Mystery and fantasy writing

How I Write

I try to write something every day, even if it’s just a grocery list. When I was working as a media specialist, I found time during the school day to jot down some thoughts and ideas, but my very best writing times were during the interminable teachers’ meetings in the afternoons. Those of you who aren’t teachers can’t fully appreciate the incredible dullness of these meetings. You’ve put in a full day with the children, and in my case, shelved about a thousand books and picked up a thousand more. You’re tired and hungry and know you have about an hour before a lot of stores close. Information that could’ve easily been put in a memo, or in later years, in an email, was read to us. Often graphs and charts were put up on a screen and each item gone over in detail. During test season, the test rules were read to us. Sometimes there would be a speaker, and I did feel sorry for the luckless person trying to engage a group of worn out and jaded school personnel.

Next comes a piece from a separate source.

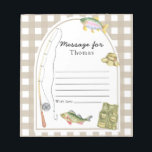 Little Fisherman Time Capsule-bericht Notitieblok<br><div class="desc">Waterverf hengel,  vis,  visser Panama pet met haak en spinner,  visvest. Bruine kooi.</div>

But I could get in at least a chapter, maybe two. I sat near the back, writing in my notebook, and occasionally looking up to show I was paying attention and taking notes, yes, sir! Meanwhile, my characters chatted away and had adventures while the meeting droned on. I was never in danger of missing anything important. In my thirty years in education, nothing in these meetings ever pertained to the media center. Ever.
Now I am retired! I recommend it highly to anyone who can manage it. I work in the mornings from eight until about noon, take a lunch break, and work from one until about three. If the work is going really well, I’ll write more after supper, but usually I’m done. I used to always write in long hand in spiral notebooks, but now I enjoy composing on the computer because it’s so easy to make corrections. I make very sketchy outlines, breaking up the chapters by Day One, Day Two, and so forth, but I rarely know what’s going to happen. I might have an idea of where I want the story to go, but my characters have minds of their own, and they always dictate the action.
I live in an apartment and rent the unit under me for an office. I hadn’t planned on renting a second apartment, but after suffering through some rowdy tenants who had all the manners of a pack of howler monkeys and could not shut a door without slamming it, I thought, if they ever leave, I’m renting that place. They finally hooted off to another part of the jungle, and peace reigned once more. There’s no phone, and I disconnected the doorbell, so when I’m at work, there are no distractions. My neighbors know not to knock on the door unless there’s an emergency.
I really love my office apartment, so thank you, howlers! You played a small and noisy part in the success of my writing career.